A segunda fase do programa é o encaminhamento do aluno para a vaga no mercado de trabalho. Sandra ressalta que o diferencial é o acompanhamento da pessoa com deficiência no ambiente laboral. Ela explica que a equipe está aberta para conscientizar os demais colaboradores através de palestras e bate-papos sobre a inclusão.

“Nosso diferencial é justamente o acompanhamento dentro da empresa. Realizamos o processo de encaminhamento, auxiliamos na produção do currículo e na entrevista de emprego. Quando o aluno é contratado, nossa equipe traça metas em conjunto com a empresa e estamos sempre em contato com os responsáveis. Além disso, uma vez na semana o aluno vem até a Apae e conta sobre a sua experiência”, pontua a orientadora.

Segundo Sandra, os acompanhamentos variam de seis meses a um ano, dependendo da adaptação do educando.

Frutos positivos

Conforme frisa a orientadora pedagógica, o programa contribui para a inclusão de pessoas com deficiência no mercado de trabalho. “Muitas vezes, quando a contratação é direta, a adaptação não funciona, pela falta de suporte e até por situações de preconceito. Com o programa, nossa equipe acompanha o educando, auxilia nas suas dificuldades, cria ferramentas para que ele possa exercer sua função com excelência e também se mantém em contato direto com a empresa. Isso faz muita diferença”, ressalta.

Um dos participantes do programa, hoje já inserido no mercado de trabalho, é o Thiago Gonçalves da Silva. Há mais de um ano ele conquistou seu primeiro emprego como empacotador. Sua mãe, Marisa Gonçalves da Silva, fala que sempre se preocupou com a questão profissional do filho.

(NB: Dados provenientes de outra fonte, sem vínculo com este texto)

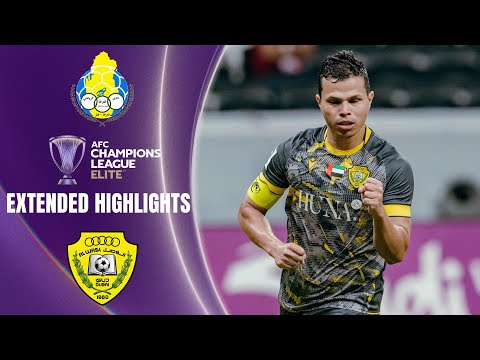 Al Gharafa vs. Al Wasl: Extended Highlights | AFC Champions League Elite | CBS Sports Golazo - Asia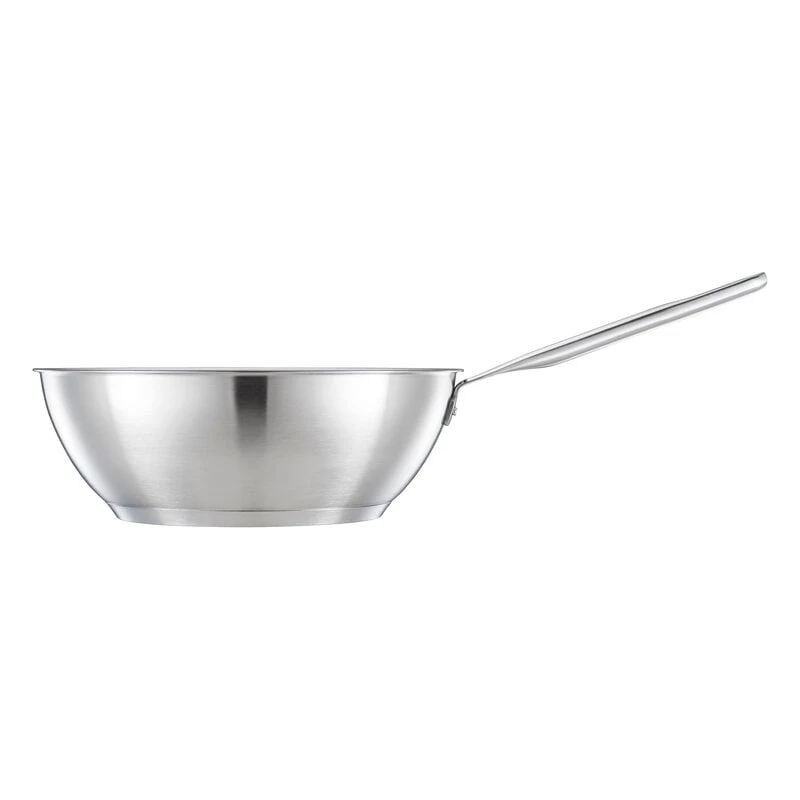 Fiskars All Steel Wok Pan, 28 Cm 5 Fiskars All Steel Wok Pan, 28 Cm - Image 3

“Não tinha confiança sobre a forma como ele seria recebido e tratado. E com o PROEP tivemos todo o auxílio e hoje ele está muito feliz trabalhando. Conseguiu ser independente, ganhar seu próprio dinheiro. Como mãe, também estou realizada”, afirma Marisa.

Como se inscrever

Os interessados em participar ou conhecer mais sobre o PROEP podem entrar em contato com a Apae de Brusque através do telefone (47) 3351-2482 ou pelo Whatsapp (47) 98427-0599.

A equipe do PROEP é composta pela Orientadora pedagógica, Sandra Sapelli de Almeida Waldrigues; a pedagoga, Joice Vilma Borinelli Diegoli; a psicóloga, Ketlin Cristina Martinenghi; o assistente social, Juliano da Silva Ferreira França e a estagiária em Serviço Social, Kely Evangelista.